§ **Data in this exercise**:
^^^^^^^^^^^^^^^^
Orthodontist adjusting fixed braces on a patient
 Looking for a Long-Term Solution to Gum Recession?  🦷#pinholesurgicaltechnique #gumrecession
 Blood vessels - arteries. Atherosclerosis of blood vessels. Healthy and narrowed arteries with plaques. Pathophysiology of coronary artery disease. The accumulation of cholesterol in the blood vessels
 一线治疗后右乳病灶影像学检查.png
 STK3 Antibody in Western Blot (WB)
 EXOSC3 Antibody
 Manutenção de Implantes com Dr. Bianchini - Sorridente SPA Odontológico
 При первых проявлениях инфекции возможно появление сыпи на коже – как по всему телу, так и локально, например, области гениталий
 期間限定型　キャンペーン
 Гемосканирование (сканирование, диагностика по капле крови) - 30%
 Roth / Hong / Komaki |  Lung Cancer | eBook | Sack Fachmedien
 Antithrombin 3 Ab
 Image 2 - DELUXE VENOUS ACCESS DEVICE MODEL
^^^^^^^^^^^^^^^^
§ **Instructions to follow**: Find "Roth / Hong" in the records above. Repeat its line and every later line exactly, through the last one.

§ **Output for this task**:
 Roth / Hong / Komaki |  Lung Cancer | eBook | Sack Fachmedien
 Antithrombin 3 Ab
 Image 2 - DELUXE VENOUS ACCESS DEVICE MODEL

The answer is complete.